Modeling International Police Missions
Randall K. Listrom
International Police Advisor
Nation Building is the process of establishing national identity by the power of the state (Karl Wolfgang Deutsch, 1966). This would include creating a national flag, language, stadiums, and airlines. These are often efforts “to redefine the populace of territories that had been carved out by colonial powers or empires without regard to ethnic, religious, or other boundaries” (Deutsch). The attempt is to bring solidarity to a people that don’t always have a great deal in common.
State Building, on the other hand, is the process of increasing capacity of government to govern. Three dimensions are normally attributed to this building activity: security; political; and economic (Persson, 2012). Though Nation Building and State Building are often used interchangeably, they are distinct activities.

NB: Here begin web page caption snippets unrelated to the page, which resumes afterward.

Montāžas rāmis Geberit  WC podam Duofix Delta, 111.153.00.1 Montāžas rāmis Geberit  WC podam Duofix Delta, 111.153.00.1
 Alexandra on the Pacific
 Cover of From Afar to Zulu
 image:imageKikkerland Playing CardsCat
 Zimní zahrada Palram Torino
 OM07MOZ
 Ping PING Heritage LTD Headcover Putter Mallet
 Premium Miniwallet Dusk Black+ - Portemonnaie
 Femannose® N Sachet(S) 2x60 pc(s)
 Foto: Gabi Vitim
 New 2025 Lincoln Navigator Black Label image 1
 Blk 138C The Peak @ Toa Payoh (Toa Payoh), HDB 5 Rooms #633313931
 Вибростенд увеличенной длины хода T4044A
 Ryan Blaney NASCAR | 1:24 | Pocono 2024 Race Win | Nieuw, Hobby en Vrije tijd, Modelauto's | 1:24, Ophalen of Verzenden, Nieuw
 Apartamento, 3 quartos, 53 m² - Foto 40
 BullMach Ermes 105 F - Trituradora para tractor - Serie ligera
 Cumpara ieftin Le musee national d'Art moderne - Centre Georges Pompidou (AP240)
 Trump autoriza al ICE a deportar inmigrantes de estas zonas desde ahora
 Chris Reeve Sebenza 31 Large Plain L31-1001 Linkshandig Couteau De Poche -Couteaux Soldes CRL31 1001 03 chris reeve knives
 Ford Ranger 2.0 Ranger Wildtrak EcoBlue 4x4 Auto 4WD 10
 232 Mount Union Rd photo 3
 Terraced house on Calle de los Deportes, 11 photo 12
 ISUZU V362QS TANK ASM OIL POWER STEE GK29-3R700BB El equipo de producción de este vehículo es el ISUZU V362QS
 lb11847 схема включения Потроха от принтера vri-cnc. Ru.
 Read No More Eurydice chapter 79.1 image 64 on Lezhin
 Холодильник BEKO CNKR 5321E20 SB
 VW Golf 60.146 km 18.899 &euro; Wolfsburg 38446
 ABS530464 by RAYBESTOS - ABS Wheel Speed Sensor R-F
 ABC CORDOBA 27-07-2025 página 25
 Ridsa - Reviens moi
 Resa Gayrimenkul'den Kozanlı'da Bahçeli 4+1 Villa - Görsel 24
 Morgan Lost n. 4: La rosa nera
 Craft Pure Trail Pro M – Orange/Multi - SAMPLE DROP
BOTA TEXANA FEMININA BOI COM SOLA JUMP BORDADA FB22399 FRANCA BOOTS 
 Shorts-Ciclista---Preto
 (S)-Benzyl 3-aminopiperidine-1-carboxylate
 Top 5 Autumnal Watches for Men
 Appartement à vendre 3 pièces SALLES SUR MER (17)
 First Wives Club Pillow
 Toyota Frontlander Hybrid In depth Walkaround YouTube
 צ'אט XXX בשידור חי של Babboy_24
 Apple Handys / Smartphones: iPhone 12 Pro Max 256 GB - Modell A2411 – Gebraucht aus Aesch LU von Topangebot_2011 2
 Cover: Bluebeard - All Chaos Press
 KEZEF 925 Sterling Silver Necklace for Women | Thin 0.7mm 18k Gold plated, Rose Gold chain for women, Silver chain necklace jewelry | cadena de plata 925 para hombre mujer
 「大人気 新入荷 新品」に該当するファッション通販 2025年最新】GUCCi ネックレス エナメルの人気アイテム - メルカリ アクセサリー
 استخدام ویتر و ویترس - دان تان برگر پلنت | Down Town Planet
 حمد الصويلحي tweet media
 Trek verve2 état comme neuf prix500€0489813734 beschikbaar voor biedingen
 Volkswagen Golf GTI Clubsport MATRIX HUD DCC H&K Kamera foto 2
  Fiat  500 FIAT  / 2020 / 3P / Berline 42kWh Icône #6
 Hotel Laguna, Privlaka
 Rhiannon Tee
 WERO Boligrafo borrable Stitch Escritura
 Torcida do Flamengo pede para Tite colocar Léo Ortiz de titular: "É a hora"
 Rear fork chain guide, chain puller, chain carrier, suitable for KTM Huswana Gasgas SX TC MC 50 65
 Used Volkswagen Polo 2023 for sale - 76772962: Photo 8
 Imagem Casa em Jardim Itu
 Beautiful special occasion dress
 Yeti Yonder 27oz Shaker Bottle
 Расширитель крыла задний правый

International Police Missions target justice reform (the security dimension), and are only one part of the larger effort at State Building. These Missions focus on increasing the sustainable capacity of a host nation to police the population under the constraints of representative policing. However, though they are only one part of the State Building scheme, security and justice reforms are critical in the overall State Building effort. Citizens must feel both safe and not disenfranchised in order for them to support governance.
The road to successful Police Missions is one strewn with many potholes. Most venues are emerging from conflict (external and/or internal). Conflict and governmental instability intrinsically lead to corruption and lawlessness. Social and community infrastructure may have been unattended. This environment typically will also be one in which educating the population has been minimized by the previous regime. The result is often an unskilled workforce unconcerned of what future is possible, and relying of corruption and crime for influence and survival.